Leaving out all pictures, return exactly the lines from the one that contains "Peruvian jungle turtle, Iquitos Peru" through the end of the data below.

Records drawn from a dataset

****************

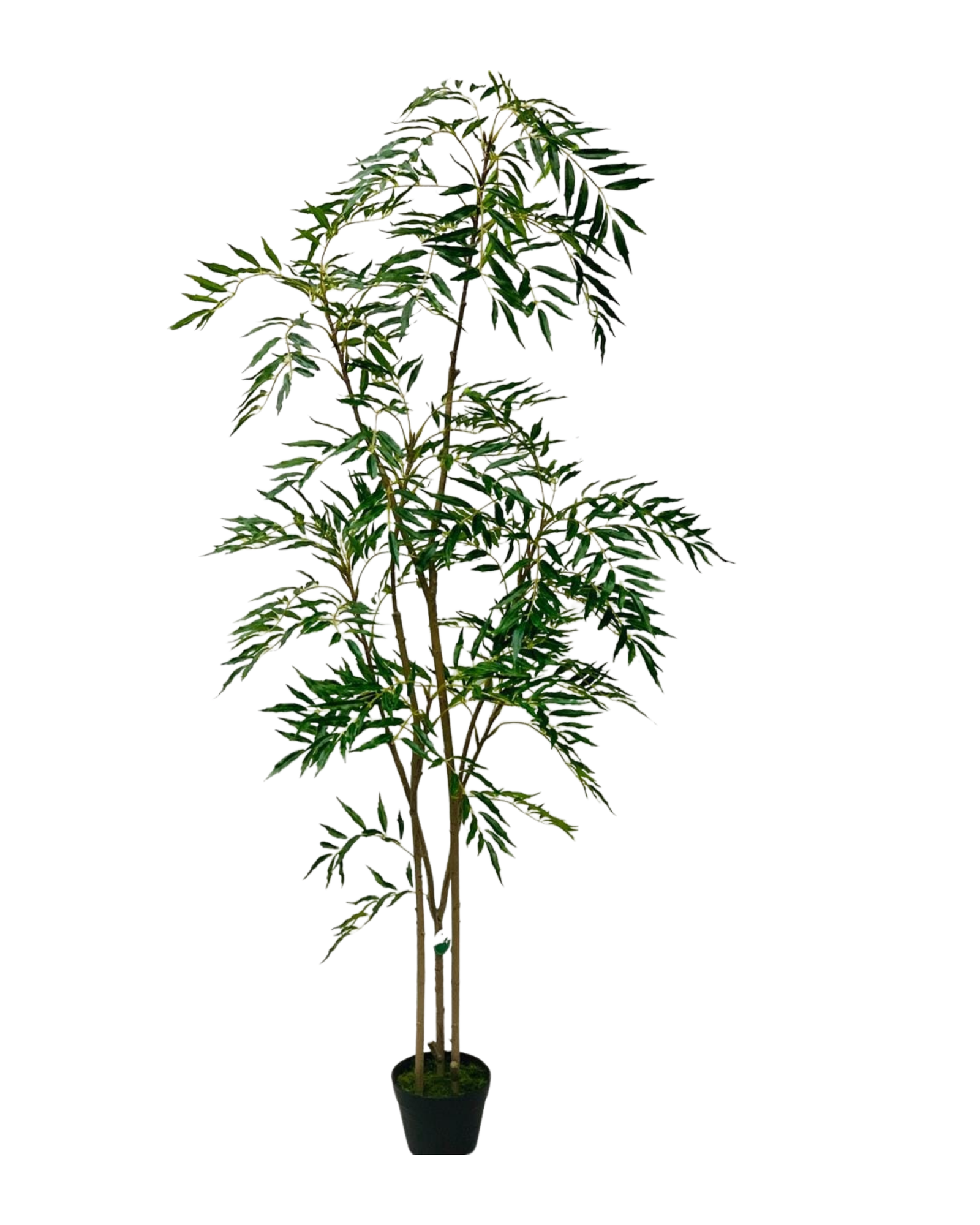 Willow Tree Green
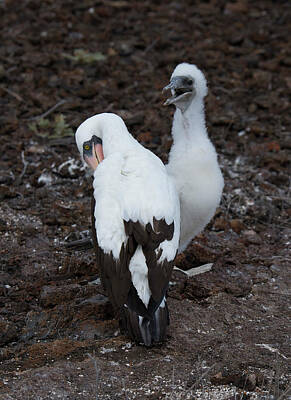 Pineapple - Nazca Booby with Juvenile by Carol Ailles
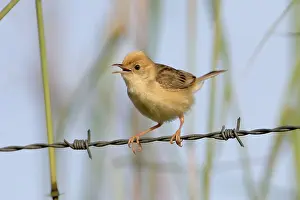 Cisticolas: Golden-headed Cisticola male calling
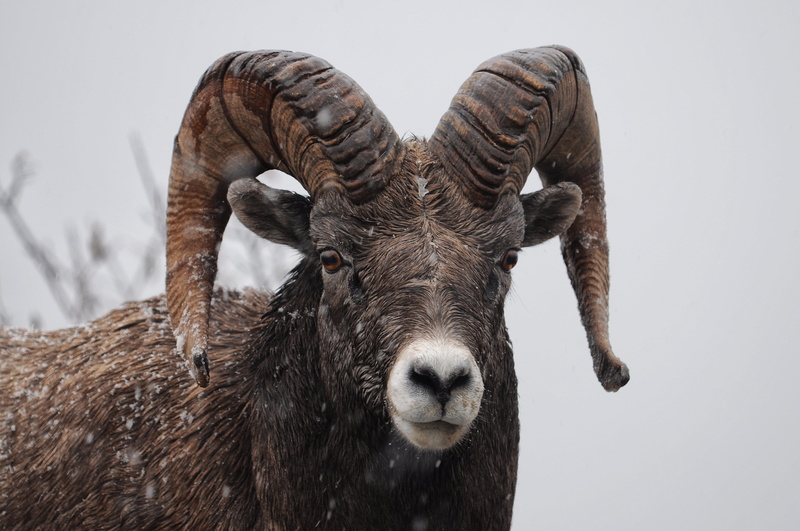 close-up, horns, snout, sheep, domestic animals, 4K, animal body part, domestic, animals in the wild, day, animal themes, mammal, livestock, one animal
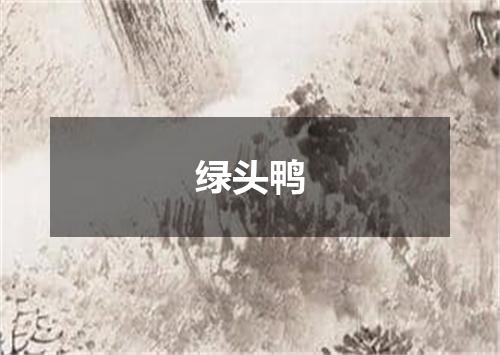 绿头鸭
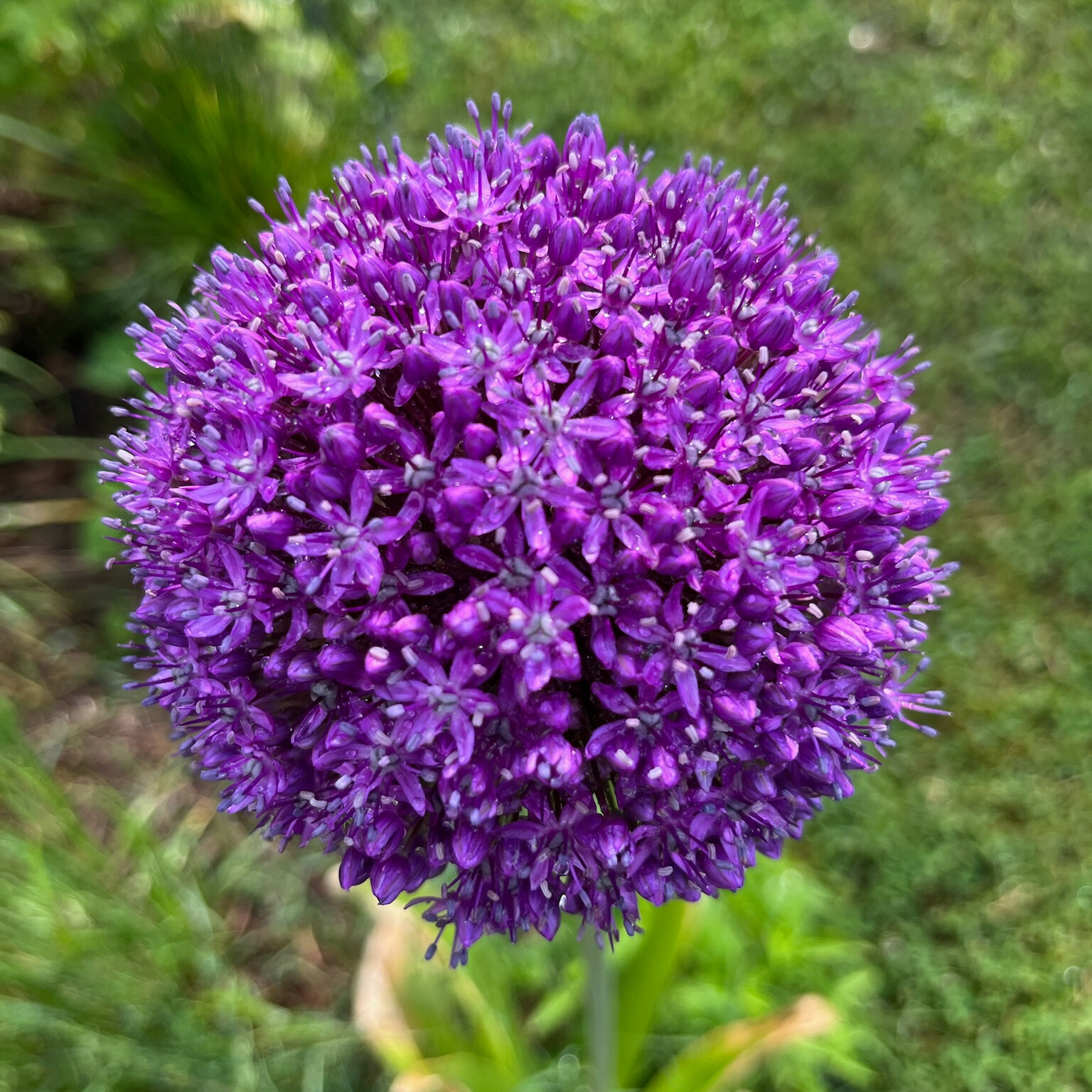 Allium 'Ambassador'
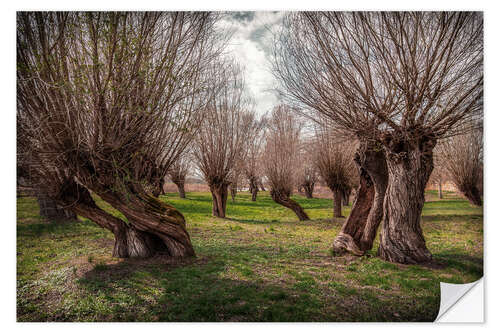 Naklejka na ścianę Fairytale forest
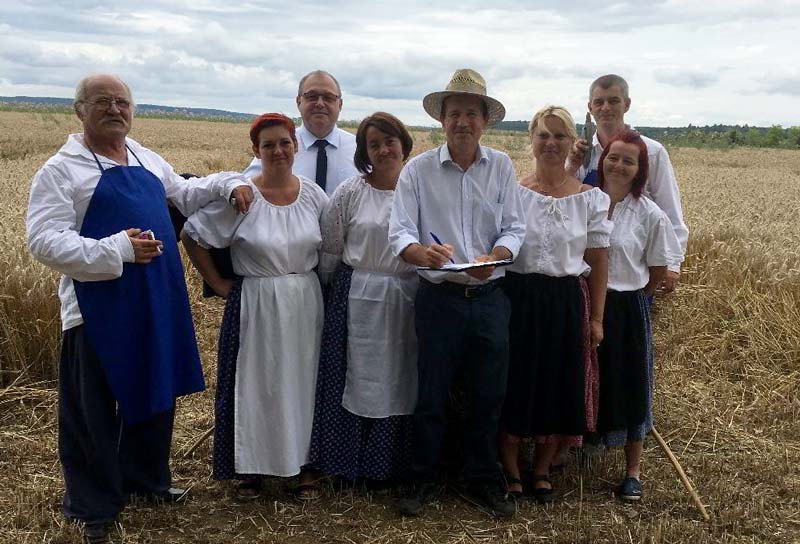 Dombérozó – aratóverseny Nován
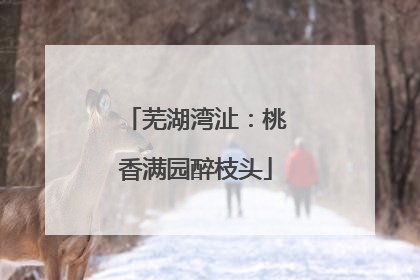 芜湖湾沚：桃香满园醉枝头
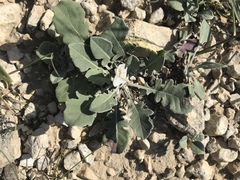 Jurinea ruprechtii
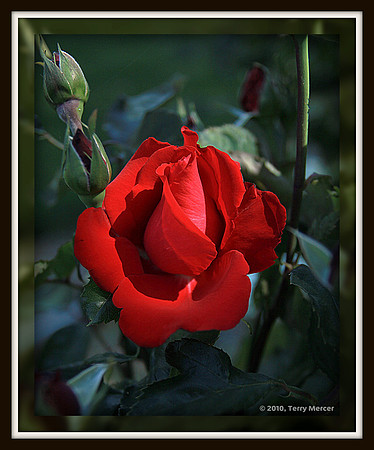 IMG_0514 - Red Rose (framed)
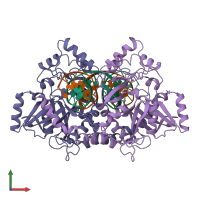 PDB entry 3c25 coloured by chain, front view.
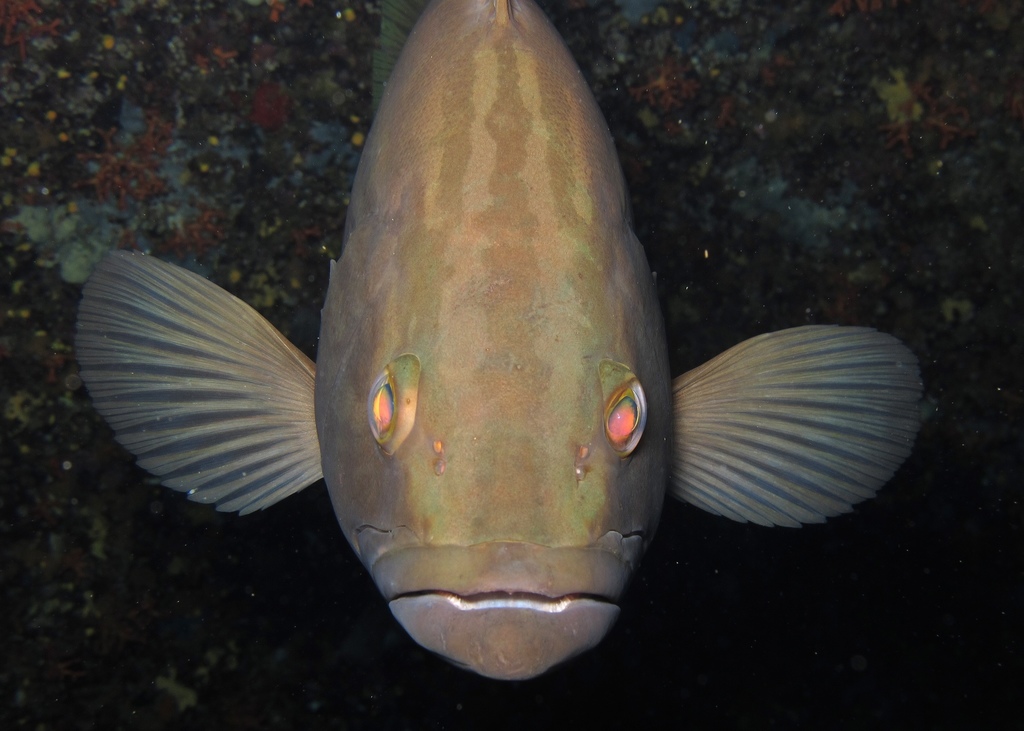 Gold Blotch Grouper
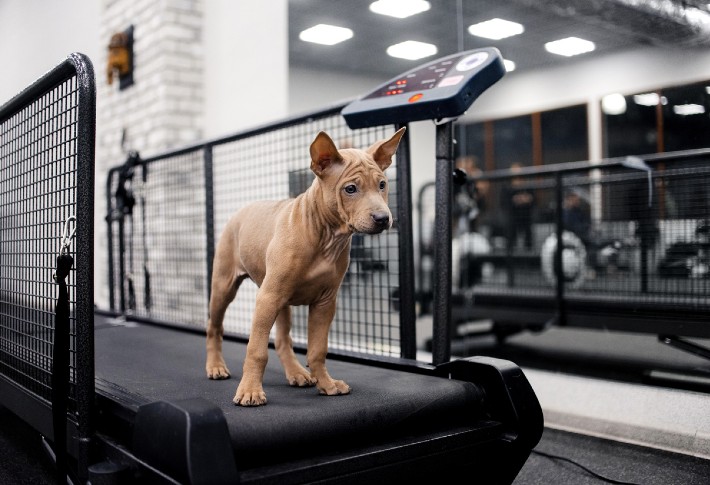 best dog treadmills in 2024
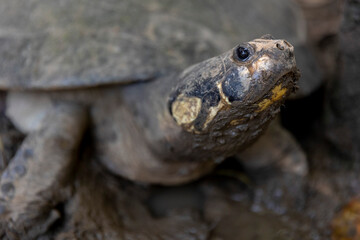 Peruvian jungle turtle, Iquitos Peru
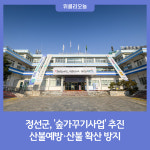 정선군, 산불예방·산불 확산 방지 숲가꾸기사업 추진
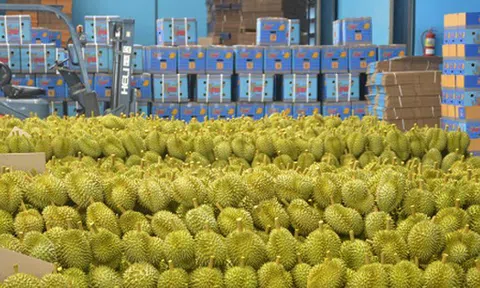 Xuất hiện cứu tinh cho ngành sầu riêng Việt Nam: Xuất khẩu tăng gấp 3 lần, đến Thái Lan cũng mạnh tay chốt đơn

****************

■ Result of the task:
 Peruvian jungle turtle, Iquitos Peru
 정선군, 산불예방·산불 확산 방지 숲가꾸기사업 추진
 Xuất hiện cứu tinh cho ngành sầu riêng Việt Nam: Xuất khẩu tăng gấp 3 lần, đến Thái Lan cũng mạnh tay chốt đơn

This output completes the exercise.